#### Problem requirements
With images excluded, write out each entry below exactly as given.

****

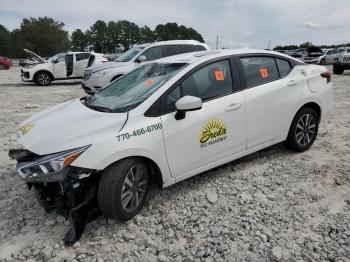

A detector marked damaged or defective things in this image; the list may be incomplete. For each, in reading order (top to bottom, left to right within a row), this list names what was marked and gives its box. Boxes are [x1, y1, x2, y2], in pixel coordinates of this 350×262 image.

crumpled front end [8, 148, 100, 245]
damaged front bumper [8, 148, 101, 245]
broken bumper cover [8, 148, 101, 245]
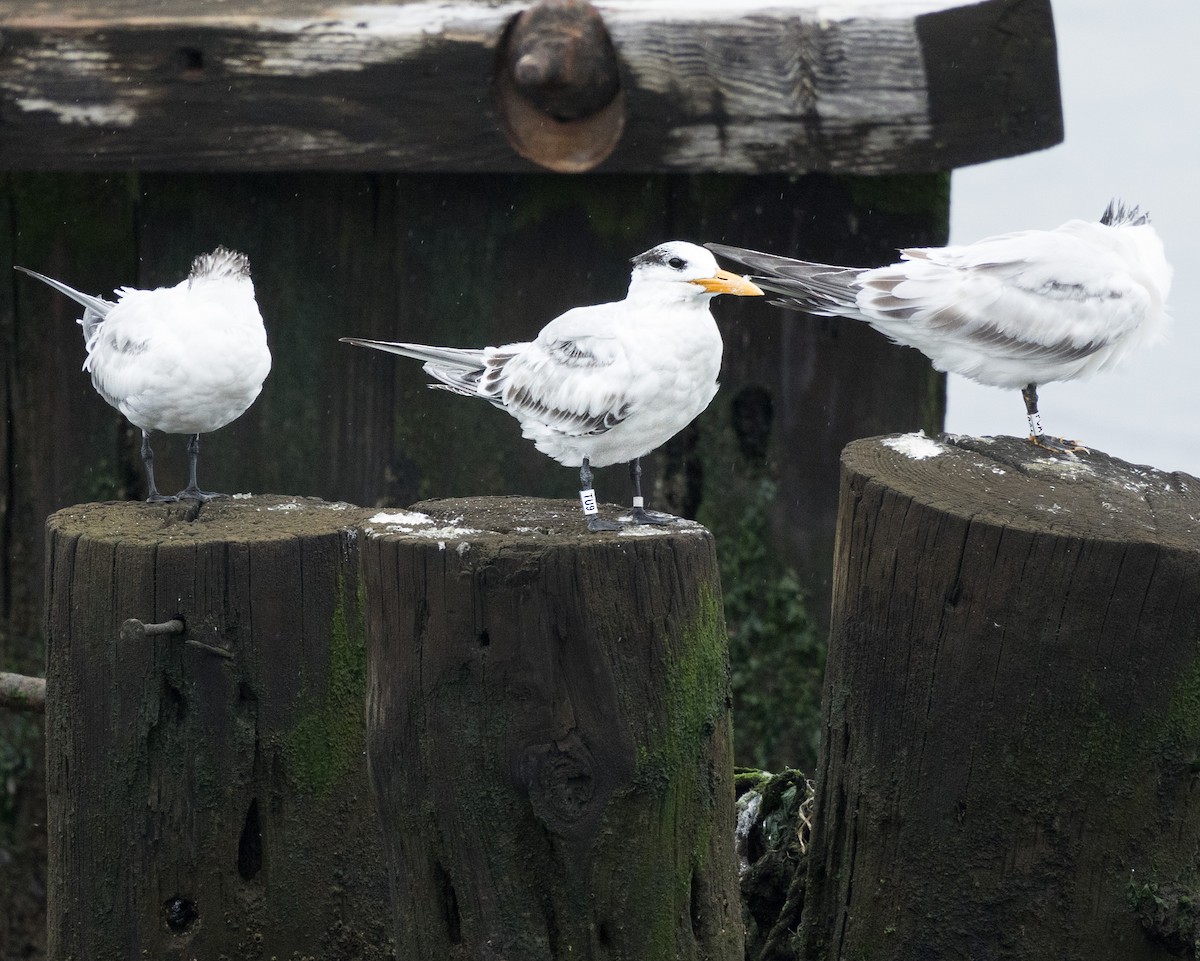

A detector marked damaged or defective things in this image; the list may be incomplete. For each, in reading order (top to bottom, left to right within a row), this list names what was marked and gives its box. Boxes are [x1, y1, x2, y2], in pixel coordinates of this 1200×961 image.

rusty bolt in post [496, 0, 628, 172]
rusty bolt in post [120, 614, 232, 662]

****

#### Solution below
A detector marked damaged or defective things in this image; the list may be incomplete. For each, in reading order (top to bottom, left to right within a row), this list names what was marked and gives its box. Boxes are [x1, y1, x2, y2], in pixel coordinates of this 350×262 image.

crumpled front end [8, 148, 100, 245]
damaged front bumper [8, 148, 101, 245]
broken bumper cover [8, 148, 101, 245]

A detector marked damaged or defective things in this image; the list may be incomplete. For each, in reading order (top to bottom, left to right within a row), this list names what was marked and gives its box. Boxes are [x1, y1, x2, y2], in pixel coordinates of this 1200×961 image.

rusty bolt in post [496, 0, 628, 172]
rusty bolt in post [120, 614, 232, 662]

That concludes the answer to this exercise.